Erich Maria Remarque was invalided out of the army in 1917, but used his experiences to portray the life of a young soldier throughout the war, up to its end, when he portrayed the German army as retreating. Berger’s remake, however, goes out of its way to emphasise that the German army was holding the same lines of four years previously and, in case we hadn’t noticed it, tells us the same in a closing caption.
There were doubtless places where this held true, but it does not reflect the general military situation in the autumn of 1918, when the German army retreated from much occupied territory.
Few in Britain or Ireland would have needed reminding in 1928 – or in 1930 when the Hollywood version was released – that British troops had liberated the city of Lille in France.
Alas, in this country we have favoured monuments to much more questionable colonial victories, and so remembrance is left to fictional creations.

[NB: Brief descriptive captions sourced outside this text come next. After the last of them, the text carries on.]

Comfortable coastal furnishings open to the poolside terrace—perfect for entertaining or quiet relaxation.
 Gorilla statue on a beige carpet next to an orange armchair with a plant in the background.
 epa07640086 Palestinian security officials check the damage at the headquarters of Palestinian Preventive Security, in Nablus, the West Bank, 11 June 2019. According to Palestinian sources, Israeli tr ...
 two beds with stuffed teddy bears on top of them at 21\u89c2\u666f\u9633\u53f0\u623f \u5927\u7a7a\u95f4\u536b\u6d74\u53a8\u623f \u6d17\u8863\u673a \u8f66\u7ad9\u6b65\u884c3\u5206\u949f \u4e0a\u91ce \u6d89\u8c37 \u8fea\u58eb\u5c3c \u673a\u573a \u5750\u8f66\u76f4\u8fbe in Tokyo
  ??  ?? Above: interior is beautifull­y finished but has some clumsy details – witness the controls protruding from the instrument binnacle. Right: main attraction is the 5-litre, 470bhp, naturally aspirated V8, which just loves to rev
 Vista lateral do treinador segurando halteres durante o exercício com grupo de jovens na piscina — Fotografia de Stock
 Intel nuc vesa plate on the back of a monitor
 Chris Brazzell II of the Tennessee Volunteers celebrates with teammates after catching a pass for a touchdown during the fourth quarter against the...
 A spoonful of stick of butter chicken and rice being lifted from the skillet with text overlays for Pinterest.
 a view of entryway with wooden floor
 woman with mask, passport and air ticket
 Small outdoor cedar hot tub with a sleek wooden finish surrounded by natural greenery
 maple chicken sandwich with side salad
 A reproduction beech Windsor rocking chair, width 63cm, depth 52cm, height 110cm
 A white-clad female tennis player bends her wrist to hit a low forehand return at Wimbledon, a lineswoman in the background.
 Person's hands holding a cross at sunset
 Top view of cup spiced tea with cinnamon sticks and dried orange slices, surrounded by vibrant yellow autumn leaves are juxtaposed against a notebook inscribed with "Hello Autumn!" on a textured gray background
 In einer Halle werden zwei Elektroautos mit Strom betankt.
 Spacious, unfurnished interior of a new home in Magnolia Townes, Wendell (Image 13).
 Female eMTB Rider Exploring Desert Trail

This film, as Barber observes, sets up the “stab-in-the-back [by civilians] myth” in a way that would have delighted the National Socialists, and would have appalled Remarque, who had to flee the Nazis.
Roger Macy
London
• Nicholas Barber has provided a valid critique of Edward Berger’s recent film adaptation of All Quiet on the Western Front. One other key omission in the film was Paul Bäumer’s return home, and the alienation he felt when confronted by a total lack of insight by civilians into the realities of trench warfare.
Lewis Milestone’s 1930 film version went one step further, depicting a speechless Paul in front of a class of eager youngsters when encouraged by his old teacher to describe daring action in the trenches. The remake added nothing to the novel or the original cinematic version.